Blog - Ting Internet

How LGBTQ+ creators built their own corner of the Internet

Written by Emma Dressler | Jun 15, 2026 4:00:01 AM

Before the Internet, queer visibility was something you had to stumble into. A library book that might or might not be on the shelf. A late-night cable show if you were lucky enough to have the right channel. A community, if you were lucky enough to live near one.

The Internet changed that. And queer creators, writers, podcasters, filmmakers, artists, educators, changed the Internet right back.

The algorithm 

For years, LGBTQ+ creators built audiences on platforms like YouTube, Instagram, and TikTok, only to watch their content get quietly buried. Demonetized. Shadow-banned. Flagged as "sensitive material" while completely comparable straight content sailed through without a second glance.

It wasn't subtle. Queer creators documented it in real time: videos about coming out stories demonetized, trans creators' accounts suspended without explanation, LGBTQ+ health content labeled as adult material. The platforms called it "mistakes", but it was a pattern.

Independent queer media

Over the last several years, a remarkable thing has happened. Queer creators have stopped asking the algorithm for permission and started building direct relationships with their audiences, through newsletters, Patreon pages, Substack publications, and independent podcasts.

The numbers reflect it. Platforms like Substack have seen significant growth in LGBTQ+ writers and journalists building paid subscriber bases. Patreon hosts thousands of queer creators, comedians, educators, drag performers, illustrators, who earn sustainable income directly from people who want to support their work, no ad revenue required.

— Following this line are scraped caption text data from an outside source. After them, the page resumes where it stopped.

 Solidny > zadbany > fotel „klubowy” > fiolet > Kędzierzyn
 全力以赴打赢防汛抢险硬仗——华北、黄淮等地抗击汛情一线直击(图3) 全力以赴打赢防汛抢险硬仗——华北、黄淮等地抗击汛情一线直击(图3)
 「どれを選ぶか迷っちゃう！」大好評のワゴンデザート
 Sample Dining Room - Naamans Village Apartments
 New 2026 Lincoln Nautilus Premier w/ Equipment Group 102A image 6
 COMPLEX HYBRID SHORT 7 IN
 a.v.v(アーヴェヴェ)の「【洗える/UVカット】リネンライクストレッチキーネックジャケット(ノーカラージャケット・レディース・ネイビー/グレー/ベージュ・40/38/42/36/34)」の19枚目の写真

Queer news outlets like them., Them, and LGBTQ Nation have grown loyal digital audiences. Independent podcasts on trans parenting, queer mental health, BIPOC LGBTQ+ experiences, and elder queer life have found the listeners who needed them. Illustrators and cartoonists whose work centers queer joy, not just struggle, have built Patreon communities that let them draw full-time.

Educators are using platforms like Teachable and Ko-fi to host courses on queer history, health, and identity that never made it into school curricula. Drag performers are livestreaming shows directly to fans who live in places where the nearest gay bar is two hours away.

The Internet is for connecting

The history of queer online spaces is a history of people using the Internet to do exactly what it's best at: connecting people who can't always find each other in physical space, and giving them a place to create, share, and exist on their own terms.

Independent queer media is the latest chapter in that story. A genuine creative and community infrastructure that queer people built for themselves, and that keeps getting stronger.

That's worth celebrating this Pride Month, and every month.